As a student run maker, learning, and discovery space, the MILL has opportunities for students to join at the beginning of the fall or spring semesters. Introductory events allow incoming students to learn about the lab and meet the community. Each member goes through initial training that covers the basics of lab safety and equipment operation before entering specialty roles. General staffers typically work three hours per week. Once they gain experience, they can pursue other roles, such as Training Officer (TO), or join Learning and Discovery (L&D) teams. TOs are responsible for maintaining specific machines and troubleshooting to make sure they are available for use. Recent TOs revitalized a donated high-temp 3D printer, working on the machine until it was functional. This type of experience creates opportunities for staffers to learn specific machines better than many people in industry. 

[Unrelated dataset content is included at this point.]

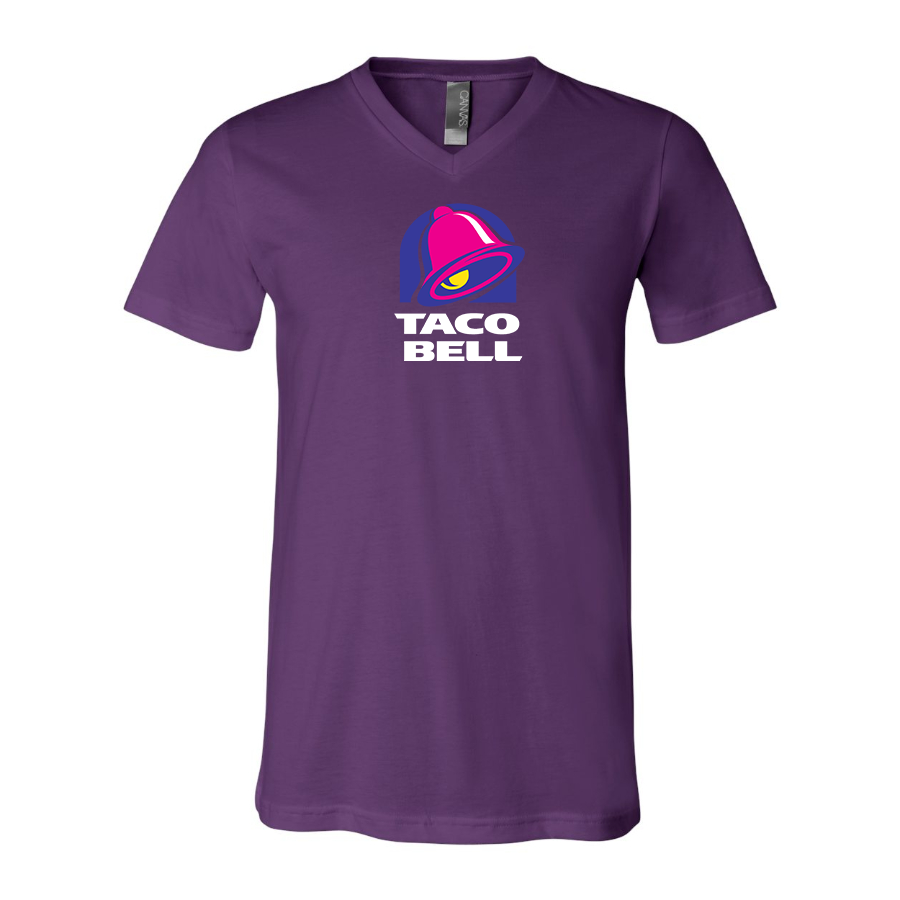 Men's Taco Bell  BELLA  CANVAS  Jersey V-Neck Tee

L&D teams focus on specific research areas, including textiles, sustainability, the science of sports, and 3D metals, among others. “If you have a project you’re really interested in, or you really like one of the L&D groups, you can work to become an L&D lead,” Ella explained. Each team operates semi-independently and offers opportunities to work closely with specific instruments and machines. 

The MILL is open to all majors, and the diverse range of equipment attracts research projects from many departments. “We have a constant influx of students from different majors because of the interdisciplinary nature of our equipment and research,” Ella noted. 

The MILL Moving Forward

The MILL is entirely run by undergraduates and mirrors other maker spaces where there is a Chief Training Officer for each section, an executive board, and student staffers who oversee different machines. The structure gives students learning opportunities in managing and maintaining advanced equipment. The MILL offers unique opportunities for undergraduate students to gain hands-on experience with industry-specific instruments and machines. “Everything in here, a student is responsible for,” Ella emphasized, highlighting the experience students gain.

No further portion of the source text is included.